Provided data:
:::::

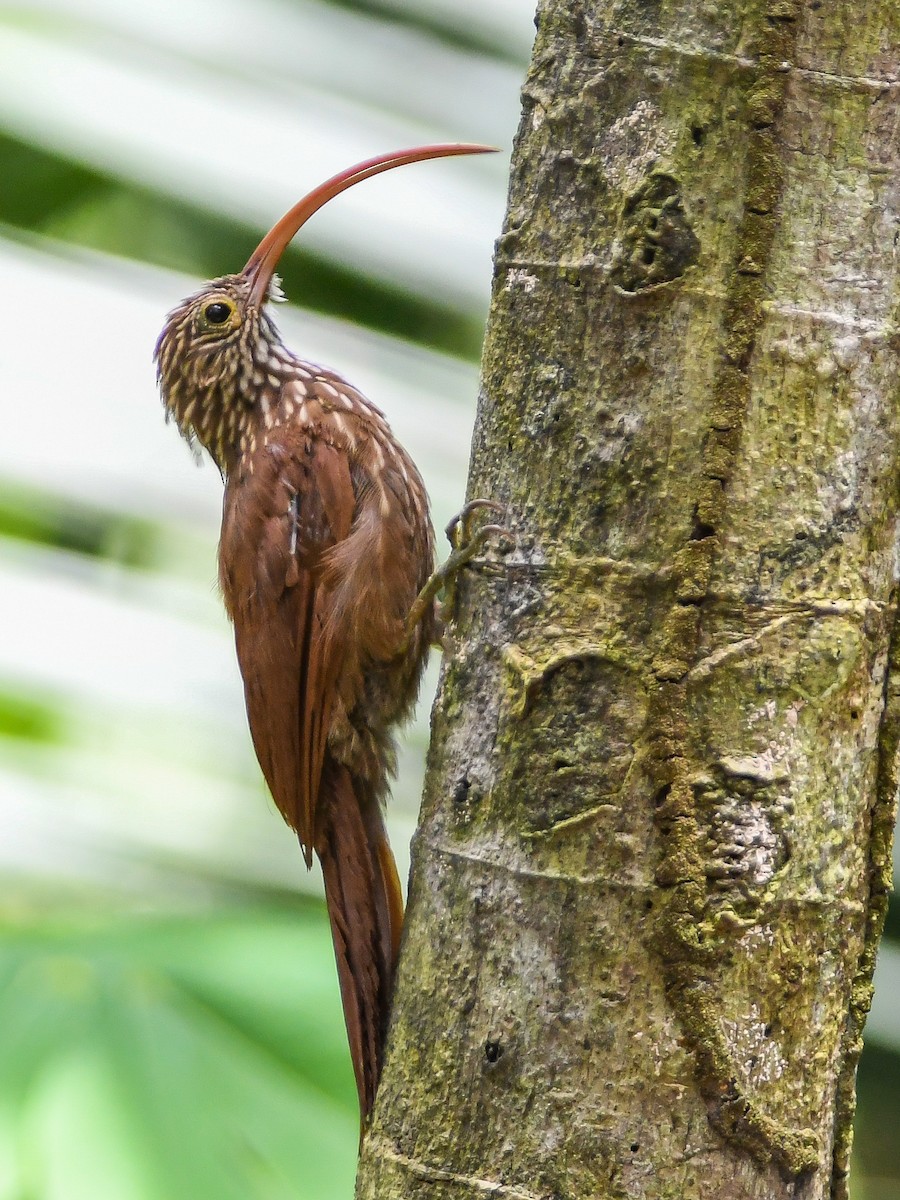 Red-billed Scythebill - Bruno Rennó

:::::

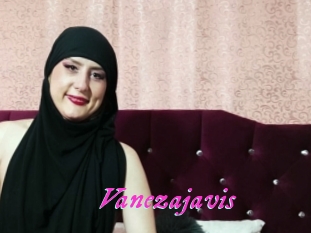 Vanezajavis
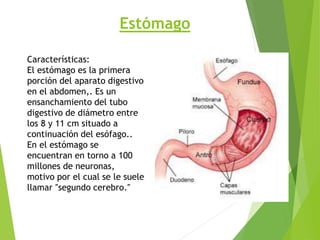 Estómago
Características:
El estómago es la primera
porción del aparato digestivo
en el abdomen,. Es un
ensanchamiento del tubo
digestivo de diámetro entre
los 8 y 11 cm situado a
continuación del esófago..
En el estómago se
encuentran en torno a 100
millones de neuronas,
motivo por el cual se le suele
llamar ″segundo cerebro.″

:::::

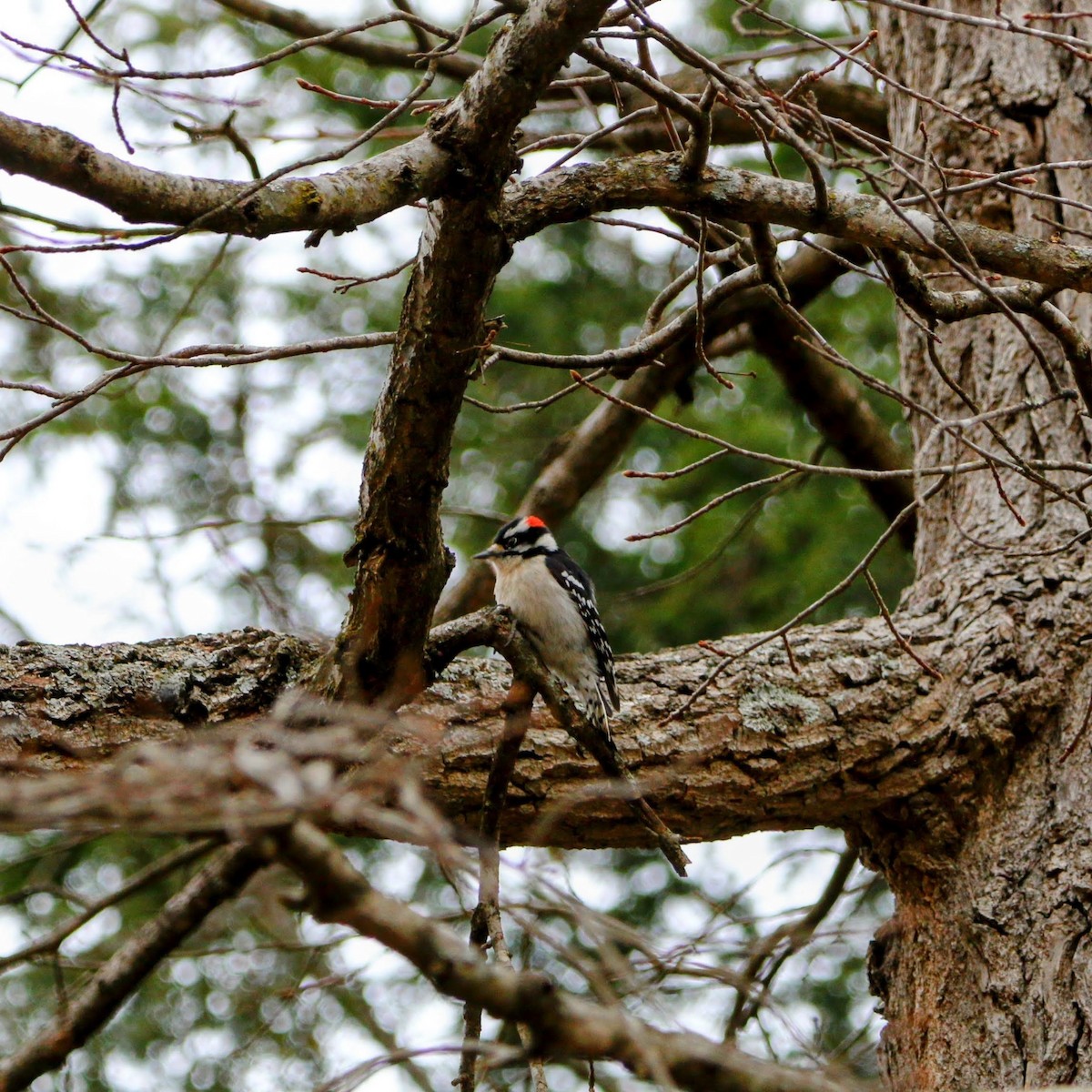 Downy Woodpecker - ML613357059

:::::

About this task: One stretch of the lines above is wanted, from the line that contains "los 8 y 11 cm situado a" through the line that contains "llamar ″segundo cerebro.″". Output it exactly.

Task output:
los 8 y 11 cm situado a
continuación del esófago..
En el estómago se
encuentran en torno a 100
millones de neuronas,
motivo por el cual se le suele
llamar ″segundo cerebro.″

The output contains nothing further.